ACTIVITY:
Copy exactly, and only, the lines from the line containing "Eucalyptus & White" through the last line of the records below, both included.
____
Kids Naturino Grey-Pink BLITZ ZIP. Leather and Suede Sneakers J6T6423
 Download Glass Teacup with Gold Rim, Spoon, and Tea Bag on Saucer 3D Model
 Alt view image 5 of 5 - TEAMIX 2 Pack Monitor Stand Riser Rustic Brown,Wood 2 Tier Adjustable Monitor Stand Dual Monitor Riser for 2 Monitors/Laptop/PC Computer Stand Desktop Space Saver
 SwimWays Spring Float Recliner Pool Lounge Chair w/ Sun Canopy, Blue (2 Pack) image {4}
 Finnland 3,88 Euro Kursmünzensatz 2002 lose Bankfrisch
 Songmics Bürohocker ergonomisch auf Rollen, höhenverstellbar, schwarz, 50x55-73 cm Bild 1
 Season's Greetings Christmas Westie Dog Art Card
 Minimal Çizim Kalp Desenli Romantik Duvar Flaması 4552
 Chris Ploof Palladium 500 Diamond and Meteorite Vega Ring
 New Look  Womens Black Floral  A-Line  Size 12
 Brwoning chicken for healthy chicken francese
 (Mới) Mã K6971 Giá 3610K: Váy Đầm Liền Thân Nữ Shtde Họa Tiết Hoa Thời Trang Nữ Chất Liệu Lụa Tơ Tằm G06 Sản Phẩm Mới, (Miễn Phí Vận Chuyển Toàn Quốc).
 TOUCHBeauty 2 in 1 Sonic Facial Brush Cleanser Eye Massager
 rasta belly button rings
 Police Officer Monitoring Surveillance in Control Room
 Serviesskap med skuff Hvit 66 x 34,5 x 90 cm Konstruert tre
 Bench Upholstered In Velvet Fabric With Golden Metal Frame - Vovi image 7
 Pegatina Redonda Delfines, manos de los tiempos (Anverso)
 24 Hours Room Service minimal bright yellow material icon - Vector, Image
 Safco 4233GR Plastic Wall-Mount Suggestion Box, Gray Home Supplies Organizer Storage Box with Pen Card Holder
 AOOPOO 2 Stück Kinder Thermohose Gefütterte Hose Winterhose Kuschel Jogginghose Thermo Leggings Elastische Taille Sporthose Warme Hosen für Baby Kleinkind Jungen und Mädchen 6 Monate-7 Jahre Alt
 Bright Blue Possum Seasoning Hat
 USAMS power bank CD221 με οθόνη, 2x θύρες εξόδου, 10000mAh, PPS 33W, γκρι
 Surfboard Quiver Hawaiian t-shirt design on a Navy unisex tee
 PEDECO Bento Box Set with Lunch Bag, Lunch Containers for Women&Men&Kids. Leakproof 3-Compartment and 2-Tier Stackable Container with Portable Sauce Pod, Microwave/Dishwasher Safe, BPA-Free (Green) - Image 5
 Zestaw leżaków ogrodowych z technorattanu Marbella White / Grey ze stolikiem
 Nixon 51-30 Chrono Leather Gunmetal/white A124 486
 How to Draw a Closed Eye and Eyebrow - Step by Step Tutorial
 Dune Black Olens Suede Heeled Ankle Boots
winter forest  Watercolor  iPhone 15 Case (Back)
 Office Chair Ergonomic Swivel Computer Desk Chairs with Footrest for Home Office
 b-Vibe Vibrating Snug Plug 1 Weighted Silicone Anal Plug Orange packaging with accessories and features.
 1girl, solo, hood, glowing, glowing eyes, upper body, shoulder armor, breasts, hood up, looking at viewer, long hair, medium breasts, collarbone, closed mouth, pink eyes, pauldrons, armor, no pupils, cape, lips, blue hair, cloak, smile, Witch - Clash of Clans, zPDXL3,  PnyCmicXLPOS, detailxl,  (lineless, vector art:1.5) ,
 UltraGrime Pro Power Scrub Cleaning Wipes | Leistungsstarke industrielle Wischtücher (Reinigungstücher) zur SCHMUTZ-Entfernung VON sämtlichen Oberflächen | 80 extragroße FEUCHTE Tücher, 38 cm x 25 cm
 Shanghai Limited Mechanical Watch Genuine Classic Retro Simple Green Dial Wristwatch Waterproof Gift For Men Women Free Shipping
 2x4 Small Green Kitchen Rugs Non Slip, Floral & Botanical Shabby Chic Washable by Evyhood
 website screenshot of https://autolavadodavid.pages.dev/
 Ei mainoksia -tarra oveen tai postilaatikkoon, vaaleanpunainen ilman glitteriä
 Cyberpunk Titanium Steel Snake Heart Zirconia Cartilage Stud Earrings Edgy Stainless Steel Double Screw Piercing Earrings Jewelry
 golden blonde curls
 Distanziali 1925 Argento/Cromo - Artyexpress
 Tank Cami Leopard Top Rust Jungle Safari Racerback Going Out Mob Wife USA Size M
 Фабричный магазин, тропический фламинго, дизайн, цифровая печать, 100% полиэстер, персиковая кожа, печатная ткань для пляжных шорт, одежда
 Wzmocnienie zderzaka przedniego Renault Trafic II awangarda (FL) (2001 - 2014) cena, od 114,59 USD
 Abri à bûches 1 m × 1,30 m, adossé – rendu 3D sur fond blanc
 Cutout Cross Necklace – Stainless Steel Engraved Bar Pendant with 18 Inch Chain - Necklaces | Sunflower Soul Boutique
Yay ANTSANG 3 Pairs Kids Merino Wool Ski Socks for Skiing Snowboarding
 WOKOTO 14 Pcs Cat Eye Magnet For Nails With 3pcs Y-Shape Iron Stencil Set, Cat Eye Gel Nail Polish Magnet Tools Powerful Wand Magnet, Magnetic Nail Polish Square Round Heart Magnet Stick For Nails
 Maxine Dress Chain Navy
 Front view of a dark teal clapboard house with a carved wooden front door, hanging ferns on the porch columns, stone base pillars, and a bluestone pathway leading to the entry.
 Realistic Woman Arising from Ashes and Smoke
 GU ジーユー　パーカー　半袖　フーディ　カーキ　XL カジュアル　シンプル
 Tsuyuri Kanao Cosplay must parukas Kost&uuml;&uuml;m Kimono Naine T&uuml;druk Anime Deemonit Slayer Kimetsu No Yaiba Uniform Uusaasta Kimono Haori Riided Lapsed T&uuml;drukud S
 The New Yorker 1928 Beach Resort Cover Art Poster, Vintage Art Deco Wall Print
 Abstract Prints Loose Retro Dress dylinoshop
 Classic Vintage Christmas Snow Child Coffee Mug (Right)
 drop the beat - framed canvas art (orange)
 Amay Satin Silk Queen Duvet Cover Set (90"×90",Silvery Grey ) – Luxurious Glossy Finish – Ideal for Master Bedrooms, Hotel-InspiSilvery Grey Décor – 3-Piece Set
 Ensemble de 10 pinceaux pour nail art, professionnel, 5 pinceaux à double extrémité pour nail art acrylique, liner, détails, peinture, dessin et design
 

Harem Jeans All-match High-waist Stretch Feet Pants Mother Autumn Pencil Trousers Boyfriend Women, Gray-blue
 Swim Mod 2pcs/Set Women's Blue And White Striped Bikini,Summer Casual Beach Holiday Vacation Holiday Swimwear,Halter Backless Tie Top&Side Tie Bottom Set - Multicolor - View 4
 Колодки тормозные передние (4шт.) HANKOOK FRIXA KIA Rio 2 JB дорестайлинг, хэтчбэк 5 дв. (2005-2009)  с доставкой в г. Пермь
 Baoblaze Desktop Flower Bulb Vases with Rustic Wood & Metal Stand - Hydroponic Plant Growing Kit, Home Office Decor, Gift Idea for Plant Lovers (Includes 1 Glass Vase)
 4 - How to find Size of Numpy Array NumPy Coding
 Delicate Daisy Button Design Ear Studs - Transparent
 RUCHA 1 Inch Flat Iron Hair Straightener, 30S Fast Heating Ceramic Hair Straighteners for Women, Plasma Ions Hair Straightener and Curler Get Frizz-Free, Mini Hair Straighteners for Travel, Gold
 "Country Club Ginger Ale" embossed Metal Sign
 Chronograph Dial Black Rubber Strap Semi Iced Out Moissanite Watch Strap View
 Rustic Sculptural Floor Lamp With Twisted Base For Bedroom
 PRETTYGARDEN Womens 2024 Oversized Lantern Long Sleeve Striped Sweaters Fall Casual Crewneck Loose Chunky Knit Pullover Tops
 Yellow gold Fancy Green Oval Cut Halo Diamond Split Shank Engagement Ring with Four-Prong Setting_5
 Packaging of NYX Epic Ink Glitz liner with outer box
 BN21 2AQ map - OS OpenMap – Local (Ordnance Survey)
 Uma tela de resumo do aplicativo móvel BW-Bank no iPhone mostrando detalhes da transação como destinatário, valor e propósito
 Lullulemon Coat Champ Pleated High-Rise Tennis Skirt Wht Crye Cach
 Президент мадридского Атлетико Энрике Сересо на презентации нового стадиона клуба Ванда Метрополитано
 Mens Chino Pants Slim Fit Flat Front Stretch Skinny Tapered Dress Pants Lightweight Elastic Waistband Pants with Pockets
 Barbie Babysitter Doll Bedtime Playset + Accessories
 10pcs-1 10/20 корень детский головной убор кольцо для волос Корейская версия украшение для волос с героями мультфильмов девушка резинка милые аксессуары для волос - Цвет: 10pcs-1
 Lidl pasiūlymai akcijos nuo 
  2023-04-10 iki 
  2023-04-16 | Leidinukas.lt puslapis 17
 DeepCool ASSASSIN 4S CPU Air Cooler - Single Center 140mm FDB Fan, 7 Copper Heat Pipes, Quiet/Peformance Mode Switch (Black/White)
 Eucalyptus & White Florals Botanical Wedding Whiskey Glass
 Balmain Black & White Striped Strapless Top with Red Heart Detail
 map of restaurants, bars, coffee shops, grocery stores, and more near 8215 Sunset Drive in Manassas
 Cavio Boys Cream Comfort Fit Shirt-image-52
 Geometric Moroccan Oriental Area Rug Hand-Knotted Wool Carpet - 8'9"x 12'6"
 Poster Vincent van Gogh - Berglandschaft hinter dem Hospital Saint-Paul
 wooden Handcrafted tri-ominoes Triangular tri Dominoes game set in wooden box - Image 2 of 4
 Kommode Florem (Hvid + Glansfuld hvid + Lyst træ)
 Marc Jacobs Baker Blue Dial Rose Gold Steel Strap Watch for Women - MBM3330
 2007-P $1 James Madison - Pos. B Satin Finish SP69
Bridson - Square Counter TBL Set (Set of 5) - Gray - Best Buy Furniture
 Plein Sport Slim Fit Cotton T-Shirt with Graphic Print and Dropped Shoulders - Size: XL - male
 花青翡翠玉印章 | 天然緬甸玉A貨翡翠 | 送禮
____
RESPONSE AREA:
 Eucalyptus & White Florals Botanical Wedding Whiskey Glass
 Balmain Black & White Striped Strapless Top with Red Heart Detail
 map of restaurants, bars, coffee shops, grocery stores, and more near 8215 Sunset Drive in Manassas
 Cavio Boys Cream Comfort Fit Shirt-image-52
 Geometric Moroccan Oriental Area Rug Hand-Knotted Wool Carpet - 8'9"x 12'6"
 Poster Vincent van Gogh - Berglandschaft hinter dem Hospital Saint-Paul
 wooden Handcrafted tri-ominoes Triangular tri Dominoes game set in wooden box - Image 2 of 4
 Kommode Florem (Hvid + Glansfuld hvid + Lyst træ)
 Marc Jacobs Baker Blue Dial Rose Gold Steel Strap Watch for Women - MBM3330
 2007-P $1 James Madison - Pos. B Satin Finish SP69
Bridson - Square Counter TBL Set (Set of 5) - Gray - Best Buy Furniture
 Plein Sport Slim Fit Cotton T-Shirt with Graphic Print and Dropped Shoulders - Size: XL - male
 花青翡翠玉印章 | 天然緬甸玉A貨翡翠 | 送禮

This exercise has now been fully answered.